Most Common Implementation

the article formerly had an unsourced implication that the most common implementation of Dijkstra uses a Fibonacci heap. I'm pretty sure that's wrong, but I can't find a good source for the most common implementation. — Preceding unsigned comment added by 66.31.200.86 (talk) 06:25, 18 February 2012 (UTC)Reply

Pretty muddy

if you try to take the psudocode and directly turn it into code. Well by 5 lines an it fails. set all distance to infinity. Then you check to see if edge distance is infinity? ofc it was, you just set it to that, and now you exit. —Preceding unsigned comment added by 64.134.224.50 (talk) 00:50, 21 March 2011 (UTC)Reply

Reply: Well actually you set the root to 0, so that will be smaller than infinity, then you set its neighbors and so on... —Preceding unsigned comment added by 70.42.29.3 (talk) 20:53, 4 May 2011 (UTC)Reply

Reply: Am I the only one who finds it a little ironic that the pseudo-code clearly has a "goto" in the last line? — Preceding unsigned comment added by 99.118.189.11 (talk) 14:14, 20 March 2012 (UTC)Reply

Wrong anim?

Look at the anim. First it goes to node #2. then when it wants to go to node #3 it count the length 9. it's absolutely wrong because if you want to go from #2 to #3 you must pass from a edge length 10. So what's the meaning of this? can anyone explain it for me? —Preceding unsigned comment added by 109.162.218.57 (talk) 12:31, 7 April 2011 (UTC)Reply

Read the algorithm, it keeps the minimum distance. 129.67.95.240 (talk) 13:03, 9 August 2011 (UTC)Reply

I think I spotted another error: when an arrow is drawn from node #3 to node #4, a question mark and subsequently " 22 < 11 + 9 " is written above node #4. Shouldn't the inequality sign be the other way? 109.129.178.210 (talk) 06:47, 28 April 2012 (UTC)Reply

Algorithm

Step four of the algorithm is confusing. In its language it states that a visited nodes minimum distance will never be changed. This, is wrong as when the current node its switched a new minimum distance is calculated - keeping the distance that is minimum.

This is seen in the animation, where node 4 changes it value from 22 to 22 from steps 2 to 3.
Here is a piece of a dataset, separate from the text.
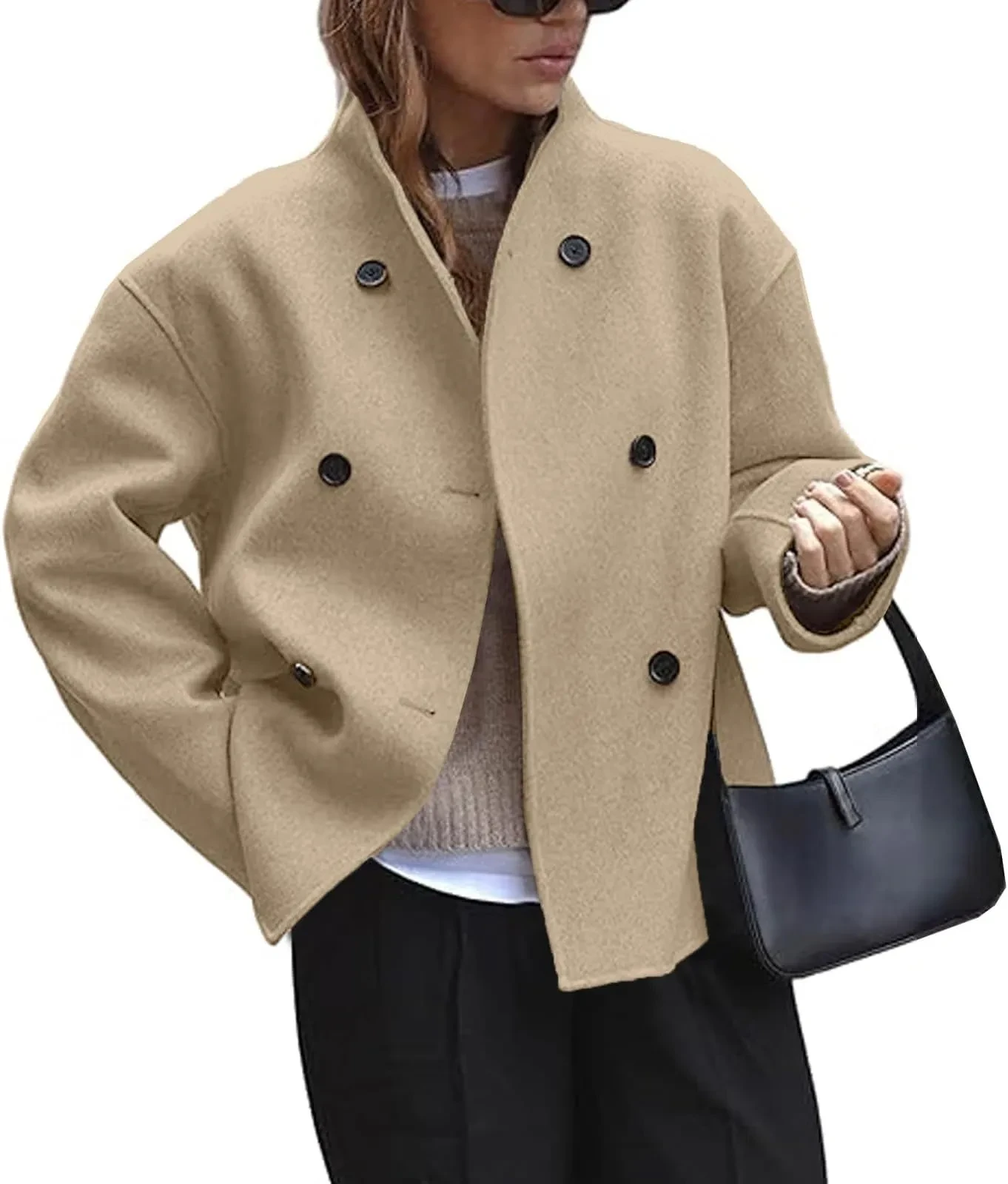 Three-row Button Short Plaids And Tweedst Coat Double-faced Woolen Goods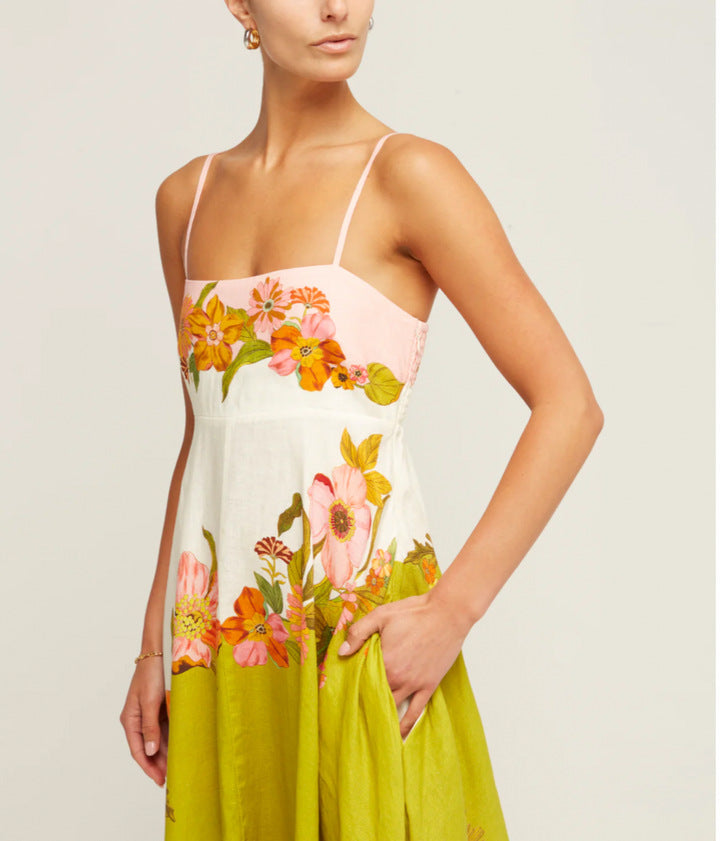 Sexy Sling Cotton Linen Printing Positioning Large Swing Dress Women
Additionally, the end condition that 'all nodes' have been visited seems tenous, suppose an infinite undirected graph with two identified points (a,b), this would have infite computational time. The pseudocode on this page seems to address - can we make this less ambiguous? 129.67.95.240 (talk) 13:10, 9 August 2011 (UTC)Reply

It's not wrong: when node 4's distance changes that is the 'tentative distance' mentioned in step 3 changing. At that point node 4 is not the current node, node 3 is. 4 is being checked as a neighbor of the current node at 3.
The all nodes termination is fine, too. Dijkstra's algorithm finds the minimal distance between a particular node and all other nodes in the graph (not a single destination), so it's obviously never going to terminate when run against an infinite graph. You need some variant of Dijkstra (such as A* to handle infinite graphs. - MrOllie (talk) 14:58, 9 August 2011 (UTC)Reply

For me, the confusing steps are 2 and 3. On step 2, you mark all nodes as unvisited and next, on step 3, you add all neighbors of current node to the unvisited set. Firstly, is there a reason for the unvisited-mark when having a visited-mark? Secondly, maybe the unvisited set is also unnecessary (as it just binds useful space), because the nodes belonging to this set are those who have distance less than infinity and are not marked as visited. Vevek (talk) 23:28, 15 August 2011 (UTC)Reply

I would suggest to change line 3 in the code for getting the shortest path to:

1  S := empty sequence
2  u := target
3  while u is defined:
4      insert u at the beginning of S
5      u := previous[u]
6  end while ;

This way, you also get the start node. This is not the case in the current version. Milcke (talk) 17:06, 8 October 2011 (UTC)Reply

So the "unvisited set" is not the set of nodes marked as unvisited? That's very confusing. Also, in step 4 we are told to remove the current node from the "unvisited set." But if the current node is the initial node, it isn't in the "unvisited set". — Preceding unsigned comment added by 66.188.89.180 (talk) 22:11, 4 November 2012 (UTC)Reply


Just implemented the pseudocode for Rosetta Code and found these issues

Action decrease-key v in Q at line 24 should be omitted if Q is a set as stated in line 9. The wp back-tracking pseudocode also misses a final insert of u at the beginning of S that must occur after exiting the while loop. --Paddy (talk) 21:12, 21 December 2012 (UTC)Reply

Finding multiple shortest paths

In order to find all shortest paths between two nodes, I believe that the "if alt < dist[v]:" should be changed to "if alt <= dist[v]:".Glen Koundry (talk) 13:59, 6 November 2012 (UTC)Reply

Syntax higlight

I've modified the pseudocode in my sandbox to make it use syntax highlight. I think the language it resembles the most is Fortran, but maybe is not the case. Do you think that this makes it more understandable? http://en.wikipedia.org/wiki/User:WLoku/sandbox — Preceding unsigned comment added by WLoku (talkcontribs) 14:52, 9 November 2012 (UTC)Reply

I prefer boldfaced keywords over the pale yellowish colour. The automatic syntax highlight isn't correct either (e.g. the "for each" isn't highlighted). —Ruud 23:00, 9 November 2012 (UTC)Reply

decrease-key v in Q;

Why is this line here? decrease-key was never explained.